**Entries provided**
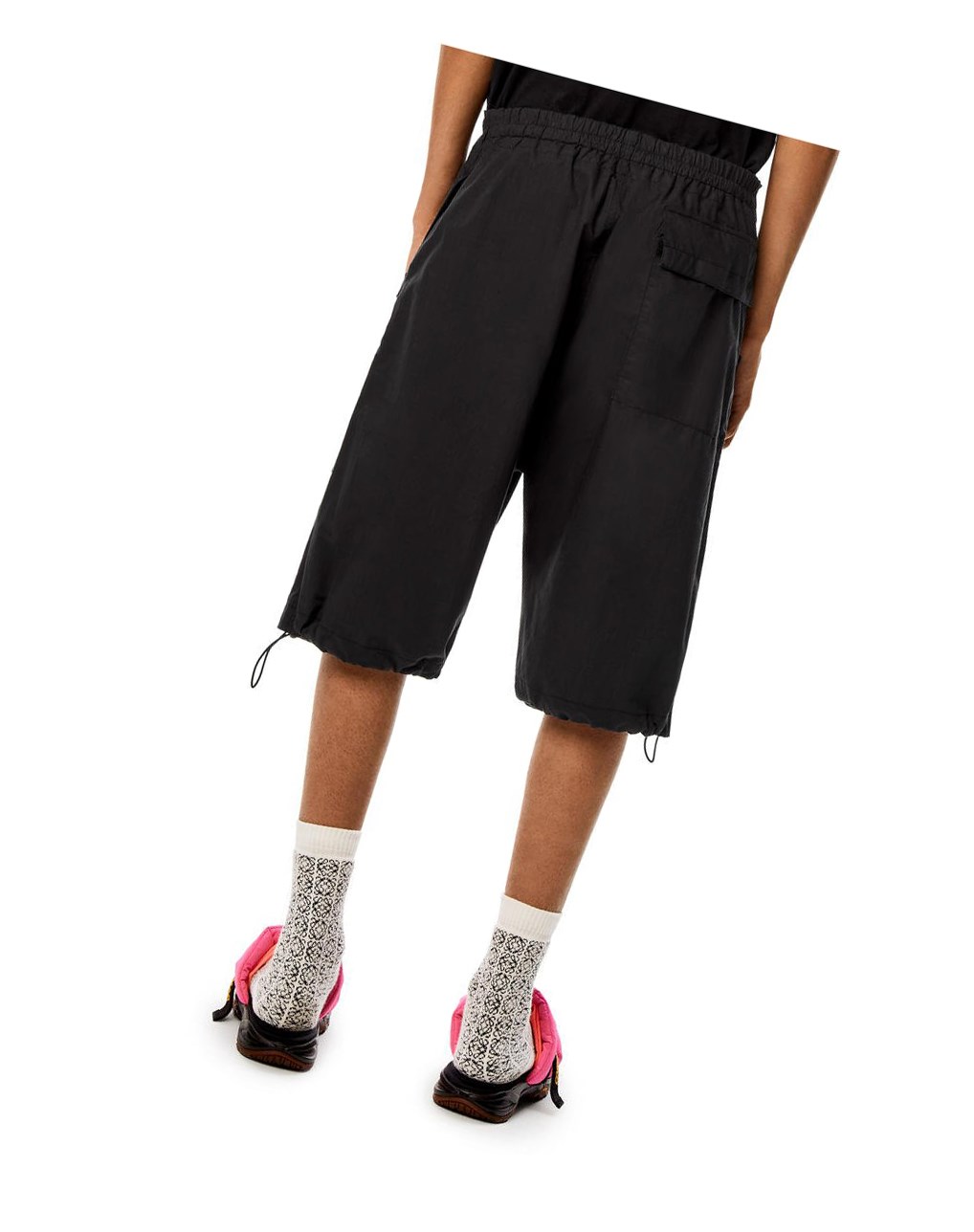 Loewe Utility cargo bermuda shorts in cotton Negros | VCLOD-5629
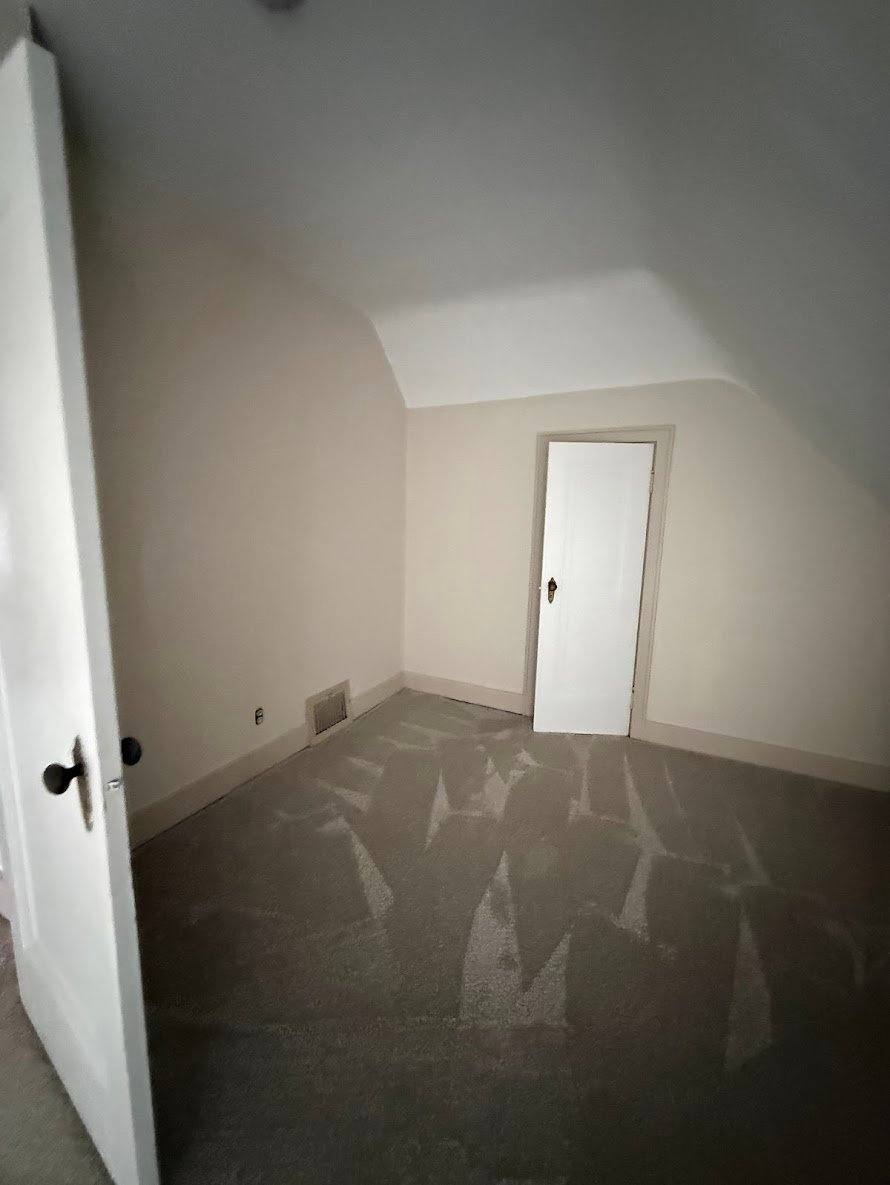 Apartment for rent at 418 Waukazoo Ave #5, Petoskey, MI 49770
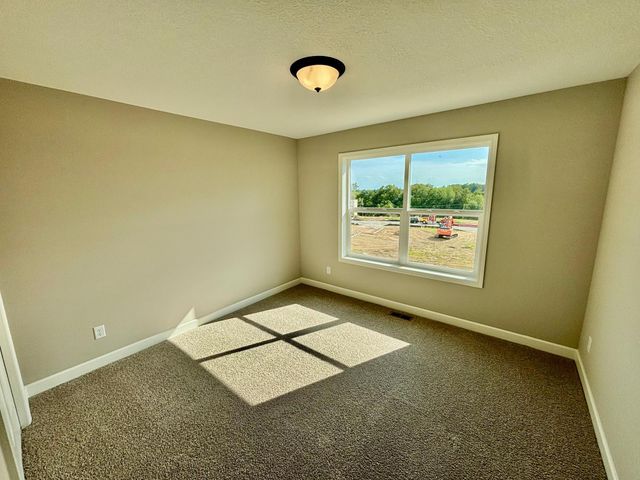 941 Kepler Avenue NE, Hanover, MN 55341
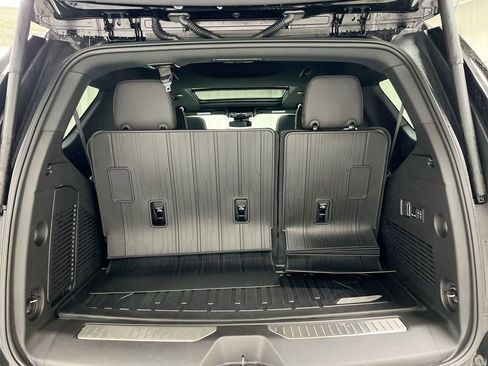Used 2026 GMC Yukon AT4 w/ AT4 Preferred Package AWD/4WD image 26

...

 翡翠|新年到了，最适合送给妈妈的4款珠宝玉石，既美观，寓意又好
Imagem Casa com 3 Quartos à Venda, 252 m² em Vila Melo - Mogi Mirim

--

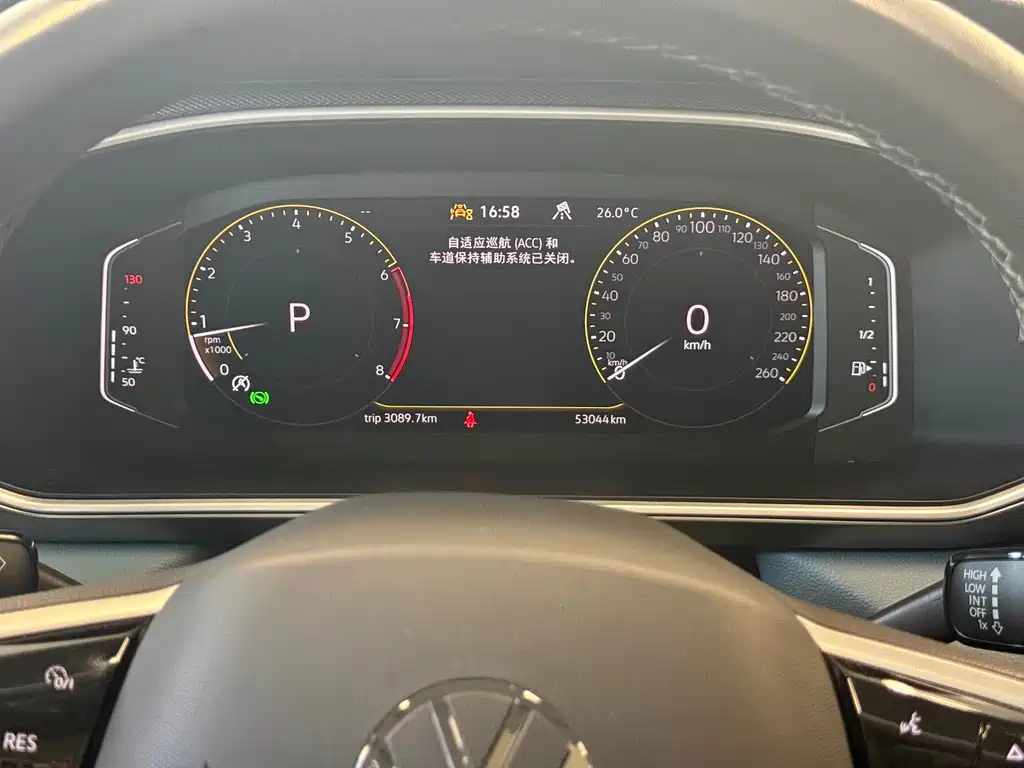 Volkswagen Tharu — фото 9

**What to produce**
Print from the line containing "Loewe Utility cargo" through the line containing "Used 2026 GMC" in the data above, exactly as the lines stand, and omit every picture.

**Answer to the problem**
 Loewe Utility cargo bermuda shorts in cotton Negros | VCLOD-5629
 Apartment for rent at 418 Waukazoo Ave #5, Petoskey, MI 49770
 941 Kepler Avenue NE, Hanover, MN 55341
Used 2026 GMC Yukon AT4 w/ AT4 Preferred Package AWD/4WD image 26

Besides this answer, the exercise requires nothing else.